- _Problem to work on_:
Nothing but the pictures should go missing; return all the entries below exactly.

- _Data provided_:
##########
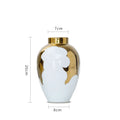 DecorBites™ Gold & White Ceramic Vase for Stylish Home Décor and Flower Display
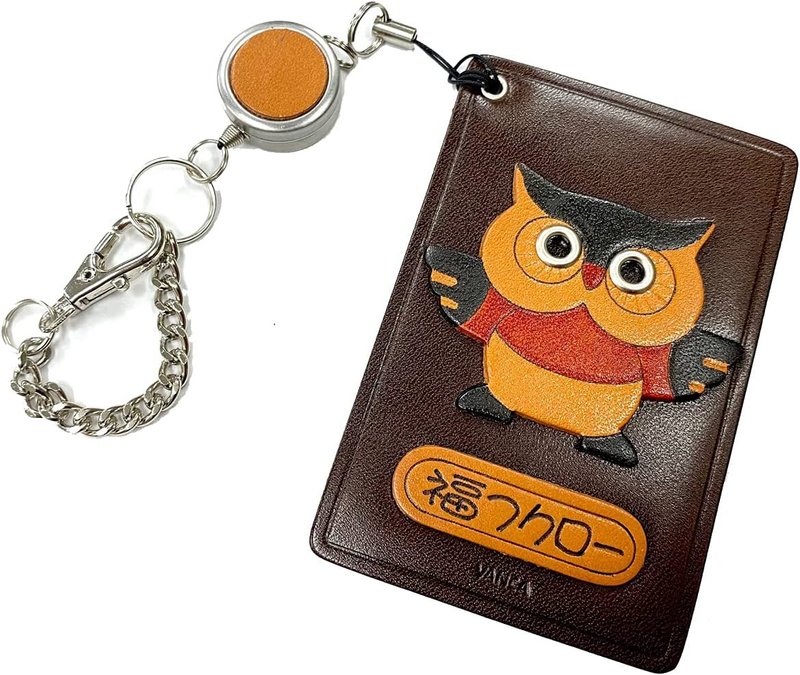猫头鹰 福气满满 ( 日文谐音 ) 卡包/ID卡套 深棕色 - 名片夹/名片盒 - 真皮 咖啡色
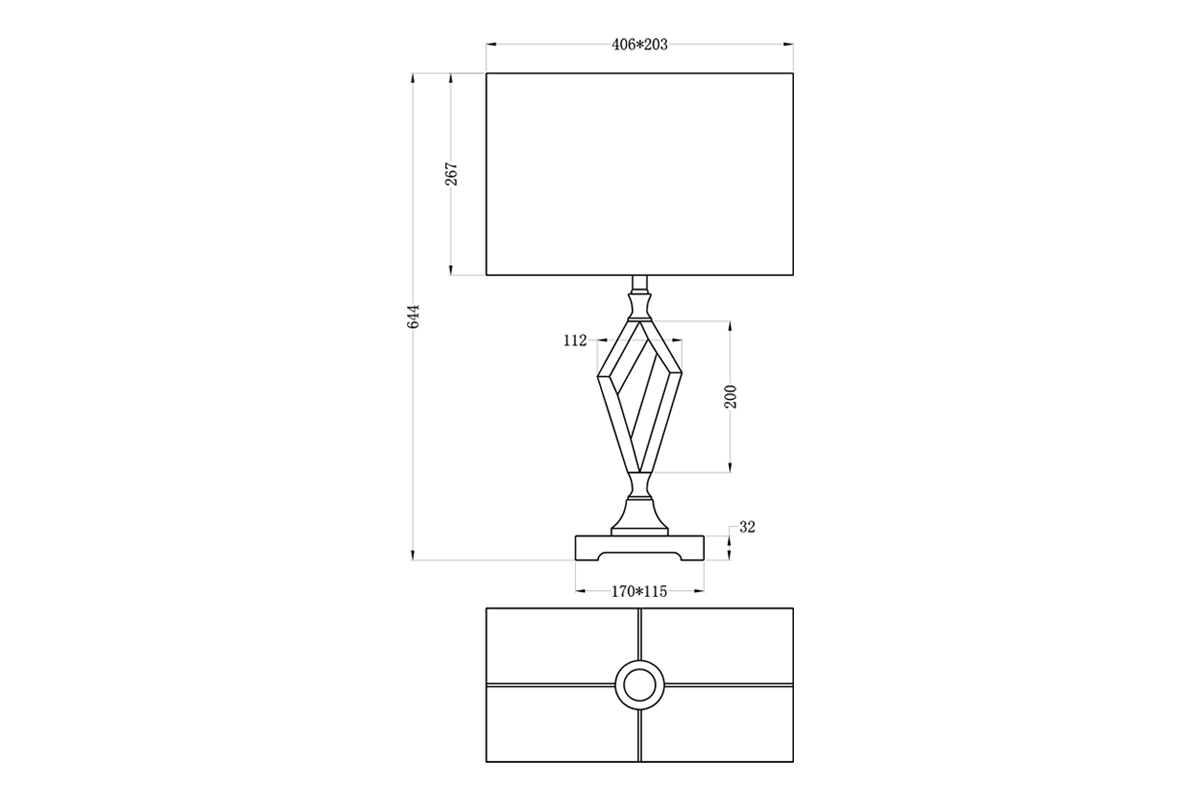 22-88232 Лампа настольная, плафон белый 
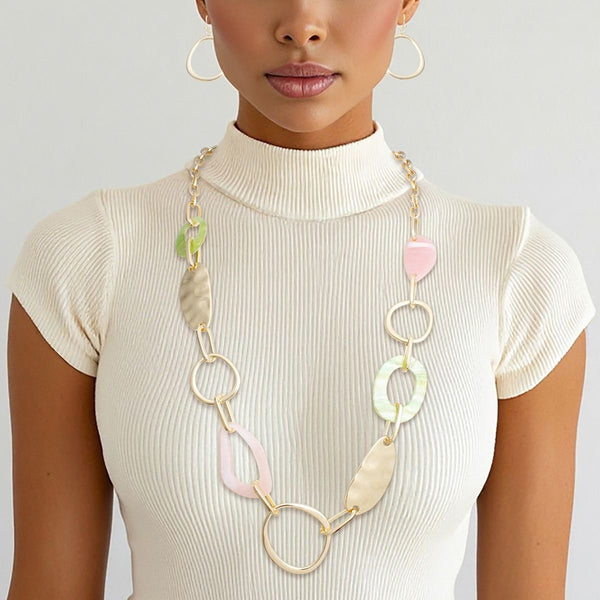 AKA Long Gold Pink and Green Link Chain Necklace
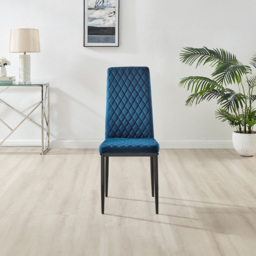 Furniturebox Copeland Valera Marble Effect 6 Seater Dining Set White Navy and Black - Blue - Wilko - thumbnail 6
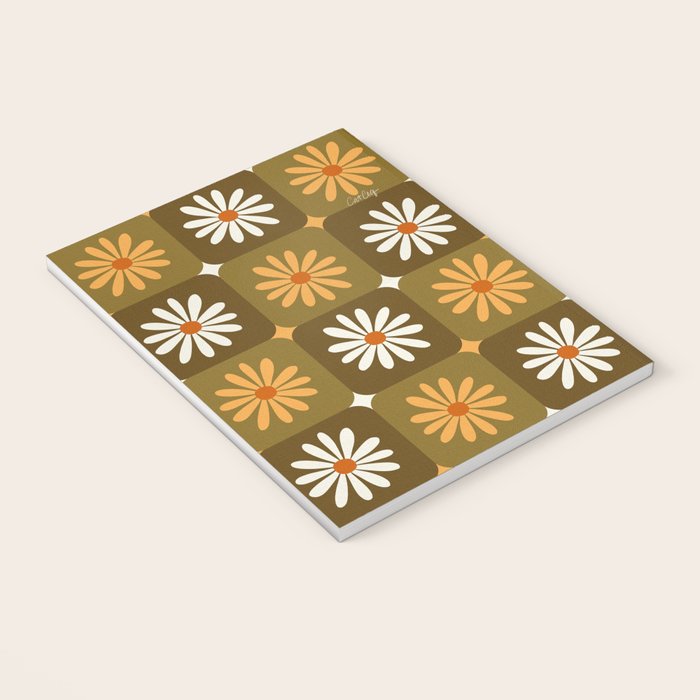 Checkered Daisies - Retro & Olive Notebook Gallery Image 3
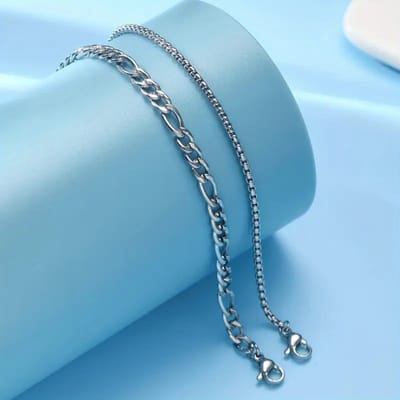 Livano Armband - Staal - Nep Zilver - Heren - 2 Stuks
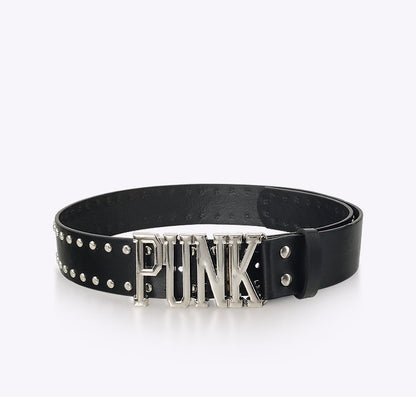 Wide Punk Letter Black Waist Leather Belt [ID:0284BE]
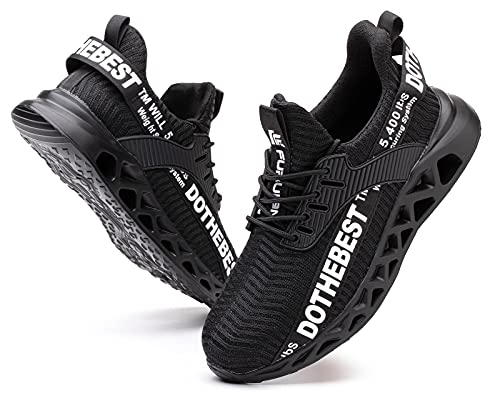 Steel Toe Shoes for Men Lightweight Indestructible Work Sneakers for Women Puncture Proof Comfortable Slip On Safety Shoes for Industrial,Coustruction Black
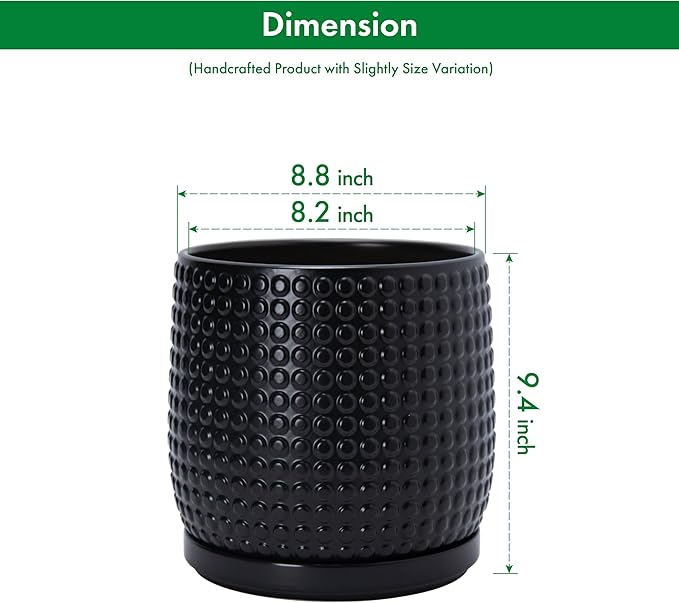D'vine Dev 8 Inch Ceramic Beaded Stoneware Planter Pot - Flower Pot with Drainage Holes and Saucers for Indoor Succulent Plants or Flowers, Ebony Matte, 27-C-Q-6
##########
- _Completed task_:
 DecorBites™ Gold & White Ceramic Vase for Stylish Home Décor and Flower Display
猫头鹰 福气满满 ( 日文谐音 ) 卡包/ID卡套 深棕色 - 名片夹/名片盒 - 真皮 咖啡色
 22-88232 Лампа настольная, плафон белый 
 AKA Long Gold Pink and Green Link Chain Necklace
 Furniturebox Copeland Valera Marble Effect 6 Seater Dining Set White Navy and Black - Blue - Wilko - thumbnail 6
 Checkered Daisies - Retro & Olive Notebook Gallery Image 3
 Livano Armband - Staal - Nep Zilver - Heren - 2 Stuks
 Wide Punk Letter Black Waist Leather Belt [ID:0284BE]
 Steel Toe Shoes for Men Lightweight Indestructible Work Sneakers for Women Puncture Proof Comfortable Slip On Safety Shoes for Industrial,Coustruction Black
D'vine Dev 8 Inch Ceramic Beaded Stoneware Planter Pot - Flower Pot with Drainage Holes and Saucers for Indoor Succulent Plants or Flowers, Ebony Matte, 27-C-Q-6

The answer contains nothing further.